3. MCTS (Search): stands for "Monte Carlo Tree Search". It simulates many possible sequences of moves from the current position using the policy NN, and then aggregates the results of these simulations to decide on the most promising move. This is the "slow thinking" component that contrasts with the fast token sampling of LLMs.
4. A groundtruth signal to drive the whole system. In Go, it's as simple as the binary label "who wins", which is decided by an established set of game rules. You can think of it as a source of energy that *sustains* the learning progress.
How do the components above work together?

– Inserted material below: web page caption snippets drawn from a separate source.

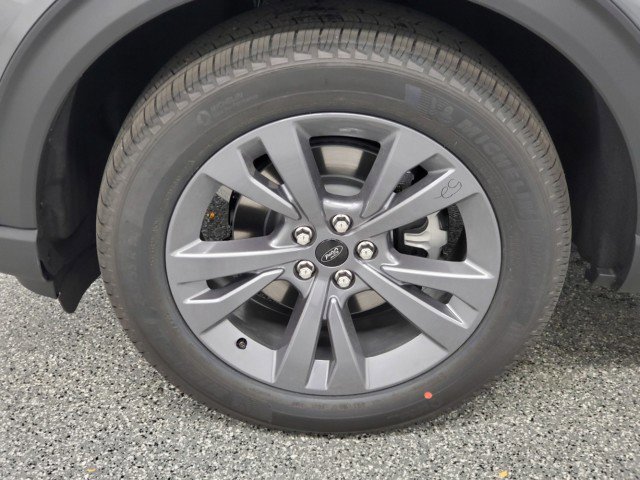 New 2026 Ford Explorer Active w/ Active Comfort Package image 8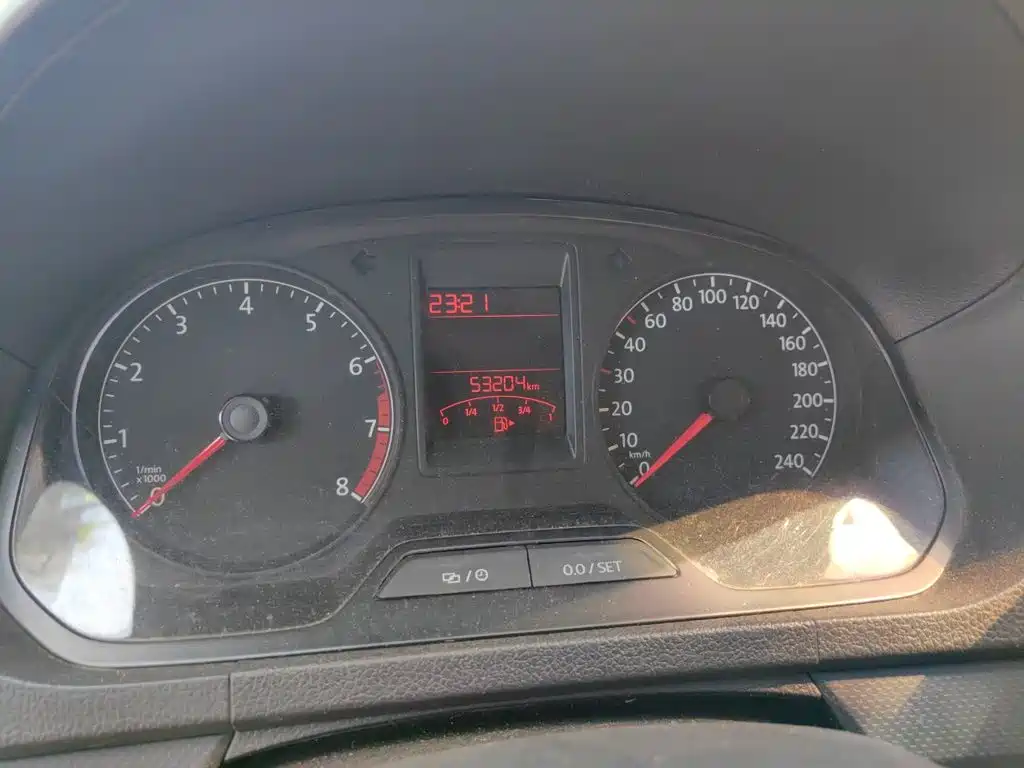 Volkswagen Jetta — миниатюра 8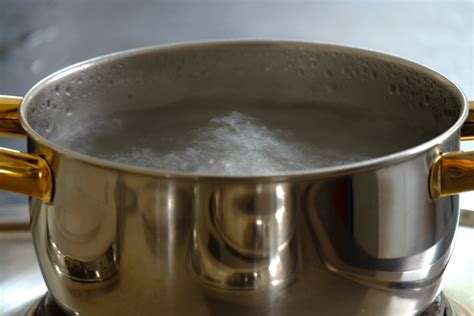 hrniec s vriacou osolenou vodou a cestovinami
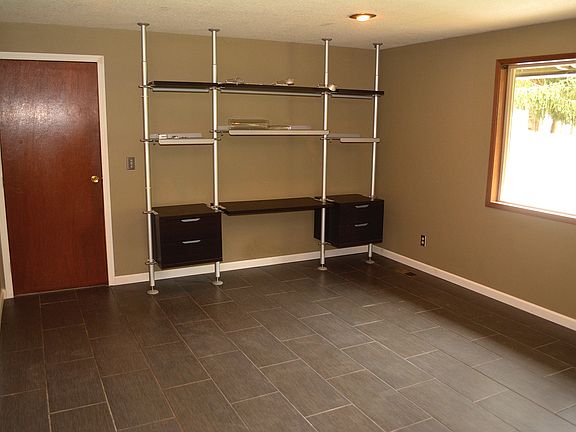 Bonus Family Room near Laundry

AlphaGo does self-play, i.e. playing against its own older checkpoints. As self-play continues, both Policy NN and Value NN are improved iteratively: as the policy gets better at selecting moves, the value NN obtains better data to learn from, and in turn it provides better feedback to the policy. A stronger policy also helps MCTS explore better strategies.
That completes an ingenious "perpetual motion machine". In this way, AlphaGo was able to bootstrap its own capabilities and beat the human world champion, Lee Sedol, 4-1 in 2016. An AI can never become super-human just by imitating human data alone.
-----
Now let's talk about Q*. What are the corresponding 4 components?

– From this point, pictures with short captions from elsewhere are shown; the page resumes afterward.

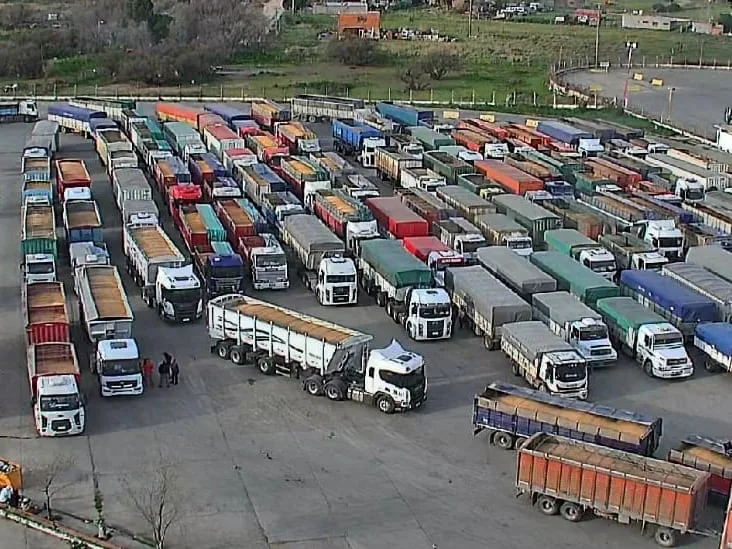 Puerto de Bahía Blanca: bajaron a 300 los camiones demorados, pero el conflicto gremial sigue abierto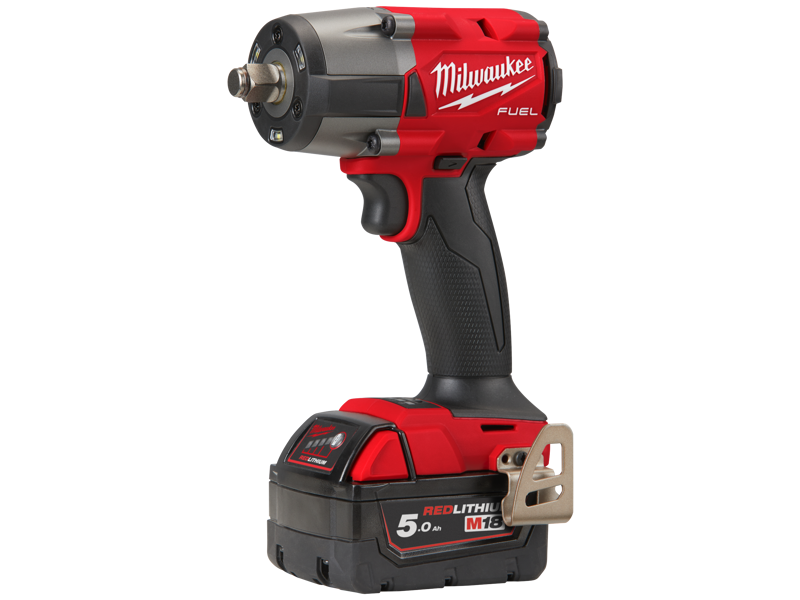 MILWAUKEE SLAGSKRUEN. M18FMTIW2F12-502X 2XBATT 5.0AH+LADER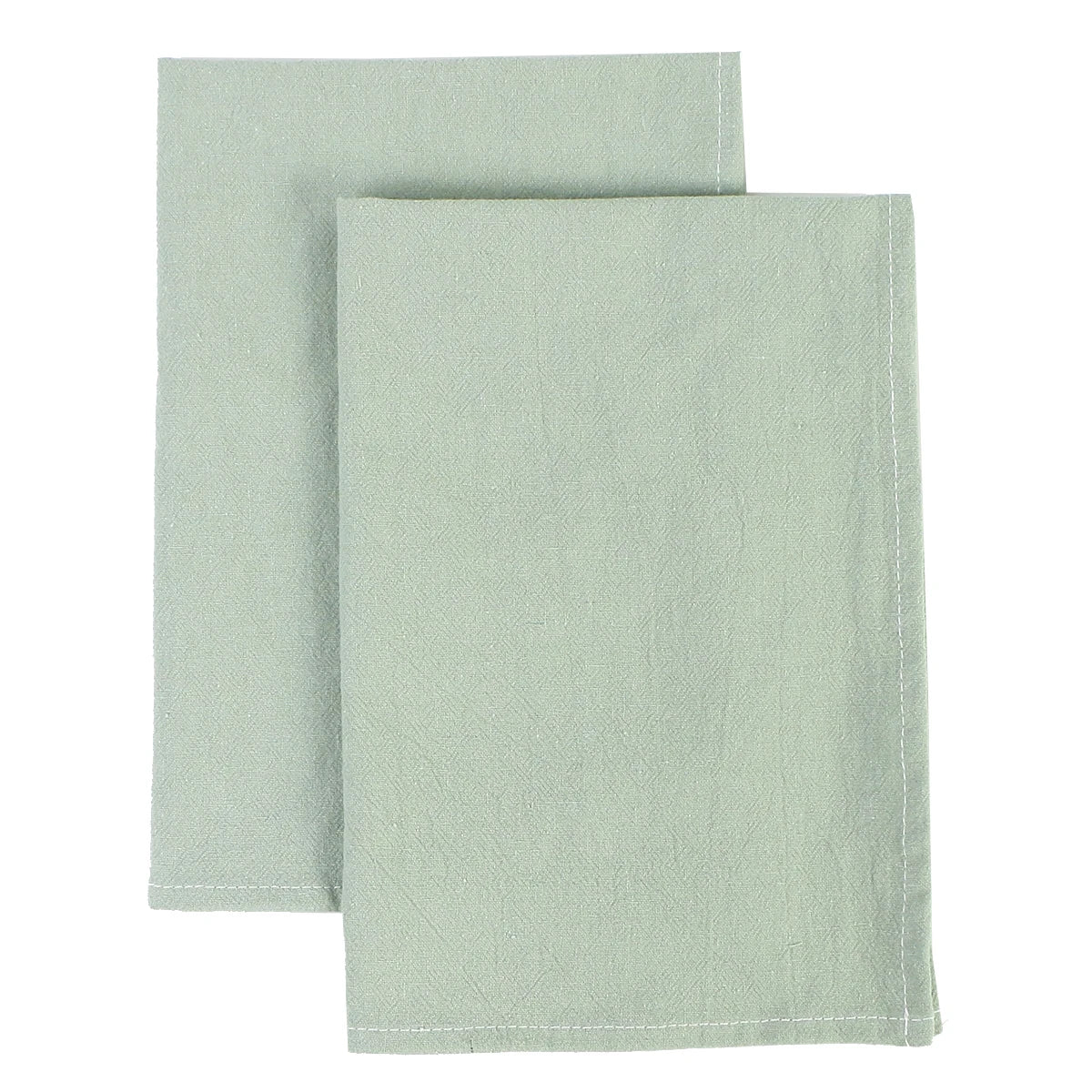 Des serviettes en tissu vert pâle, avec des ourlets simples, offrant une touche de fraîcheur et de simplicité.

1. Policy NN: this will be OAI's most powerful internal GPT, responsible for actually implementing the thought traces that solve a math problem.
2. Value NN: another GPT that scores how likely each intermediate reasoning step is correct.
OAI published a paper in May 2023 called "Let's Verify Step by Step", coauthored by big names like
@ilyasut
@johnschulman2
@janleike
: https://arxiv.org/abs/2305.20050
It's much lesser known than DALL-E or Whipser, but gives us quite a lot of hints.
This paper proposes "Process-supervised Reward Models", or PRMs, that gives feedback for each step in the chain-of-thought. In contrast, "Outcome-supervised reward models", or ORMs, only judge the entire output at the end.
ORMs are the original reward model formulation for RLHF, but it's too coarse-grained to properly judge the sub-parts of a long response. In other words, ORMs are not great for credit assignment. In RL literature, we call ORMs "sparse reward" (only given once at the end), and PRMs "dense reward" that smoothly shapes the LLM to our desired behavior.
3. Search: unlike AlphaGo's discrete states and actions, LLMs operate on a much more sophisticated space of "all reasonable strings". So we need new search procedures.
Expanding on Chain of Thought (CoT), the research community has developed a few nonlinear CoTs:
- Tree of Thought: literally combining CoT and tree search: https://arxiv.org/abs/2305.10601
@ShunyuYao12
- Graph of Thought: yeah you guessed it already. Turn the tree into a graph and Voilà! You get an even more sophisticated search operator: https://arxiv.org/abs/2308.09687
4. Groundtruth signal: a few possibilities:
(a) Each math problem comes with a known answer. OAI may have collected a huge corpus from existing math exams or competitions.
(b) The ORM itself can be used as a groundtruth signal, but then it could be exploited and "loses energy" to sustain learning.
(c) A formal verification system, such as Lean Theorem Prover, can turn math into a coding problem and provide compiler feedbacks: https://lean-lang.org
And just like AlphaGo, the Policy LLM and Value LLM can improve each other iteratively, as well as learn from human expert annotations whenever available. A better Policy LLM will help the Tree of Thought Search explore better strategies, which in turn collect better data for the next round.
@demishassabis
said a while back that DeepMind Gemini will use "AlphaGo-style algorithms" to boost reasoning. Even if Q* is not what we think, Google will certainly catch up with their own. If I can think of the above, they surely can.
Note that what I described is just about reasoning. Nothing says Q* will be more creative in writing poetry, telling jokes
@grok
, or role playing. Improving creativity is a fundamentally human thing, so I believe natural data will still outperform synthetic ones.